- Film poster
- Traditional Chinese: 愛情麻辣燙
- Simplified Chinese: 爱情麻辣烫
- Hanyu Pinyin: Aìqíng málà tāng
- Directed by: Zhang Yang
- Written by: Zhang Yang Cai Shangjun Diao Yi'nan Liu Fendou
- Produced by: Zhang Peimin
- Cinematography: Zhang Jian
- Edited by: Yang Hongyu
- Music by: Jia Minshu
- Distributed by: Xi'an Film Studio
- Release date: May 1997;
- Running time: 109 minutes
- Language: Mandarin
- Budget: US$200,000

= Spicy Love Soup =

Spicy Love Soup (爱情麻辣烫 (Aìqíng Má Là Tāng)) is a 1997 Chinese film directed by Zhang Yang and written by Zhang, Liu Fendou, Cai Shangjun, and Diao Yi'nan based on a story by Zhang and Peter Loehr. Spicy Love Soup was produced by Loehr's Imar Film Company, Xi'an Film Studio, and Taiwanese financing.

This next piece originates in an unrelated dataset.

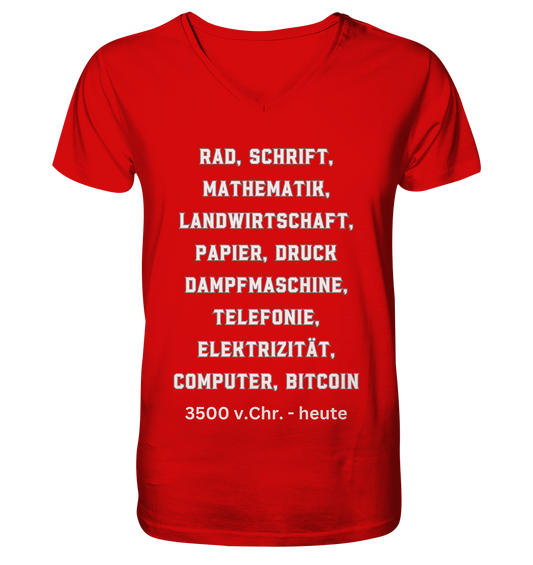 Erfindungen 3500 v. Chr. bis heute zu Bitcoin - V-Neck Shirt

The film is Zhang's directorial debut and would prove to be a launching pad for those both in front and behind the cameras. Screenwriters Cai Shangjun (The Red Awn) and Diao Yi'nan (Uniform, Night Train) have since gone on to direct their own films, while Liu Fendou has expanded into both directing (Green Hat) and film production (Zhang Yibai's Spring Subway). The cast is also notable for the debuts of two of China's most popular actresses, Gao Yuanyuan and Xu Jinglei.

The film is an anthology of sorts, and tells its story of love and life in modern Beijing through a series of six vignettes.

Spicy Love Soup was, in addition, the first film in mainland China to see a simultaneous release of a soundtrack, consisting largely of contemporary pop songs.

== Cast ==
===First vignette===
- Wang Xuebing, a husband
- Liu Jie, his wife

===Second vignette===
- Tang Sifu, an elderly widow
- Li Mei, her daughter
- Liu Zhao, a suitor
- Li Tang, a suitor
- Wen Xingyu, a suitor
- Wakin Chau, a neighbor

===Third vignette===
- Zhao Miao, a school boy,
- Gao Yuanyuan, his object of affection

===Fourth vignette===
- Guo Tao, a husband
- Xu Fan, and his wife

===Fifth vignette===
- Sun Yisheng, a young boy
- Pu Cunxin, his father
- Lü Liping, his mother

===Sixth vignette===
- Shao Bing, a young man
- Xu Jinglei, a young woman

== Reception ==
Released internationally in London's East West Film Festival in June 1998, Spicy Love Soup was generally well received by western critics. Derek Elley of Variety cited the film as being a pioneering example of the "well directed" Chinese movie, that nevertheless doesn't fall into the camp of "artier" fare.
The film was also well received in mainland China, where it had been released a year earlier, becoming one of the most successful independent films released domestically.